Working with Chinese manufacturers requires more protection than a standard NDA.
An NNN agreement China template combines non-disclosure, non-use, and non-circumvention clauses into a single contract enforceable under Chinese law, protecting your designs from being copied, your ideas from being used to create competing products, and your business relationships from being bypassed.
Without this specialized agreement, manufacturers can legally exploit loopholes that wouldn't exist in Western contracts.
This guide explains what makes an effective NNN template, which specific clauses you need, and how to implement these agreements with your Chinese partners.
You'll learn the exact components that Chinese courts recognize and enforce.

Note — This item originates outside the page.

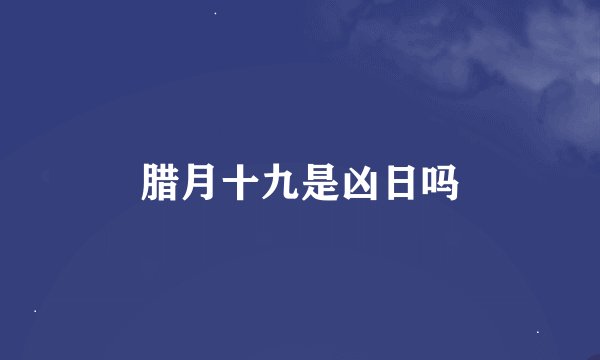 腊月十九是凶日吗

You can deepen your understanding of the sector by reading our guide, Manufacturing in China: Understanding Industry-Specific Regulations.
Key Components and Clauses in a China NNN Agreement Template

A China NNN agreement template must include specific structural elements and clauses to be enforceable in China.

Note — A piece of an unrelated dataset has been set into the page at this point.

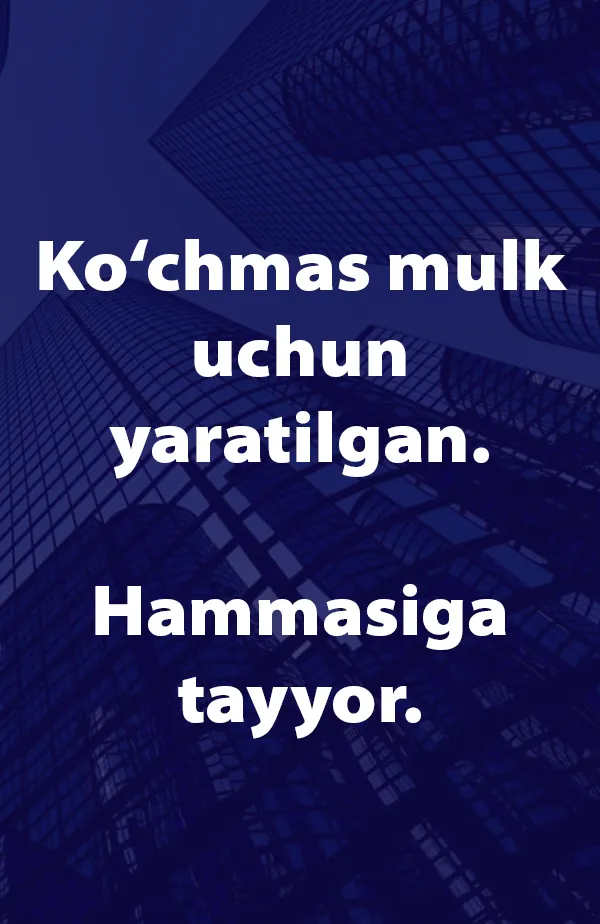 Ko‘chmas mulk uchun yaratilgan. Har narsaga tayyor.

The agreement needs bilingual versions with proper legal formalities, clear definitions of each protection layer, and compliance with Chinese legal requirements.
Non-Disclosure, Non-Use, and Non-Circumvention Explained
The non-disclosure clause prevents your Chinese manufacturer from sharing your confidential information with anyone else.
This includes technical drawings, product specifications, customer lists, pricing information, and manufacturing processes.
You need to define exactly what qualifies as confidential information in your NNN agreement template.
The non-use clause stops the receiving party from using your intellectual property for their own benefit.
Even if they keep your designs secret, they cannot manufacture similar products under their own brand or for other clients.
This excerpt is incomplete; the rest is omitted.